Aureobasidium is a genus of highly adaptable, yeast-like fungi that are widely distributed as saprophytes across various ecosystems. Demonstrating remarkable resilience, Aureobasidium can survive in environments characterized by extreme pH levels and high salinity. Furthermore, this fungus is notable for its production of various secondary metabolites with considerable biotechnological potential, such as polyol lipids, pullulan, and polymalate. Additionally, Aureobasidium can grow on a wide range of carbon sources, including renewable raw materials and waste products, positioning it as a candidate for a novel, robust platform organism.
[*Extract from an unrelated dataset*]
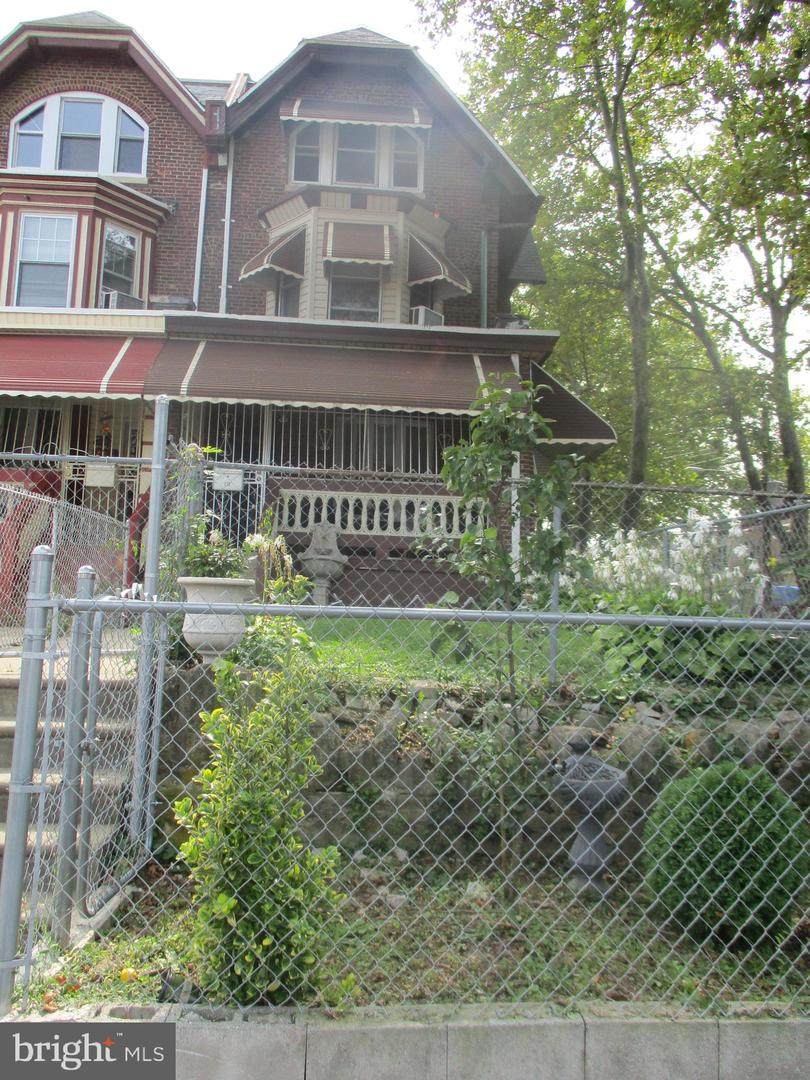 228 Wyoming Avenue - Photo 1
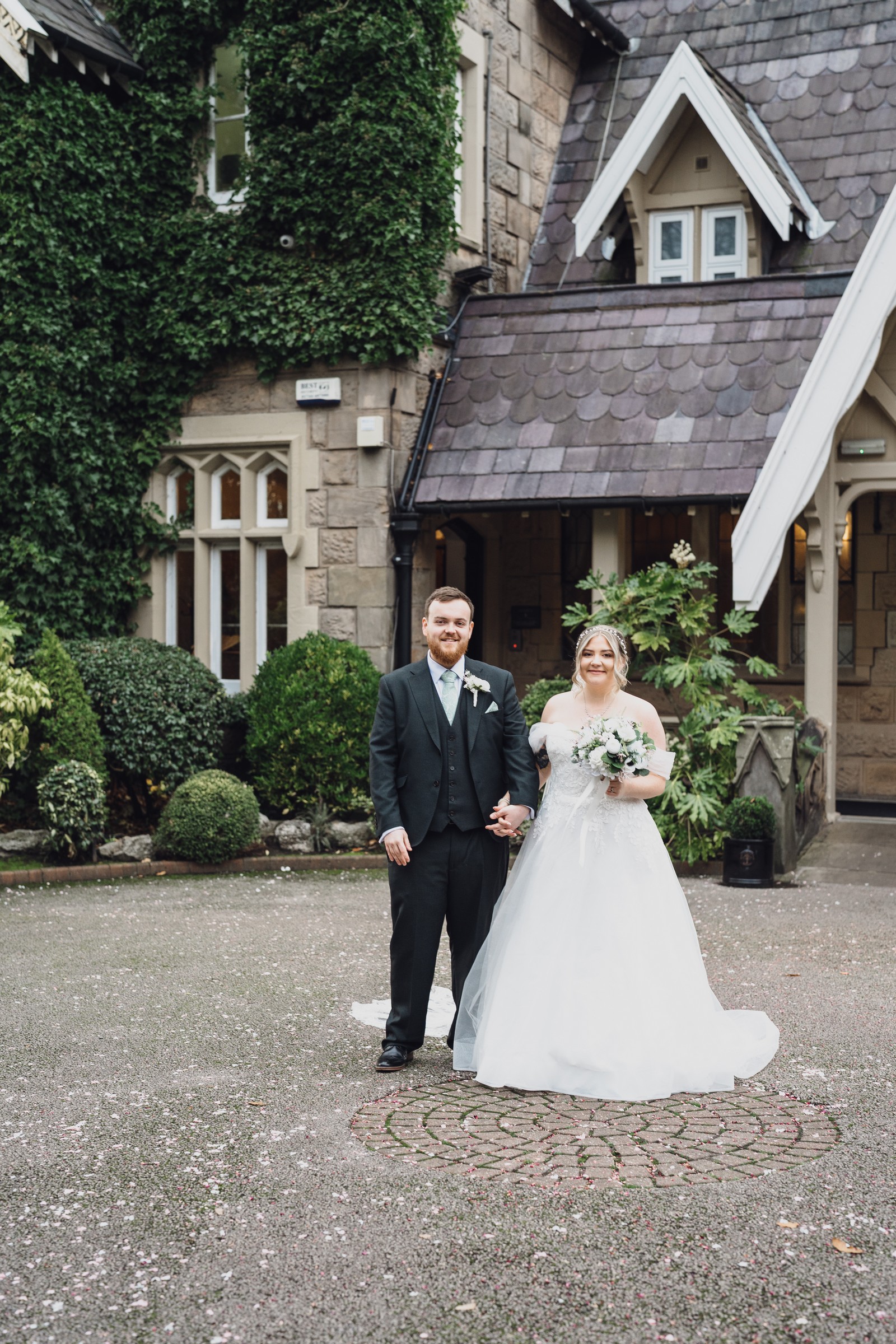 Poppy & Arron – West Tower Wedding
Lignin, one of the most abundant renewable resources on earth, is highly underutilized and largely wasted. The aromatic compounds of this polymer can be a promising feedstock for a wide range of value-added chemicals. Here, we demonstrate that Aureobasidium pullulans can grow on a multitude of lignin-derived aromatic monomers like catechol or coumarate, even at extreme pH values. Toxicity tests revealed that the fungus can withstand high concentrations of these aromatics. Moreover, the ability to grow on mixtures of aromatic compounds found in lignin hydrolysates was also proven, while the production of the bioprivileged molecule muconic acid from the aromatics could be observed.

However, metabolic engineering tools are still rare and thus hinder the advancement of Aureobasidium towards a novel platform organism. To address this challenge, a genetic toolbox based on the CRISPR-Cas9 method was developed in A. pullulans, enabling scarless genomic modifications, integration of multiple genes, and a tuneable gene expression.

Expanding the substrate spectrum towards sustainable renewable substrates and the development of genetic tools are the first steps in establishing A. pullulans as a new versatile platform organism contributing to a sustainable bio-economy.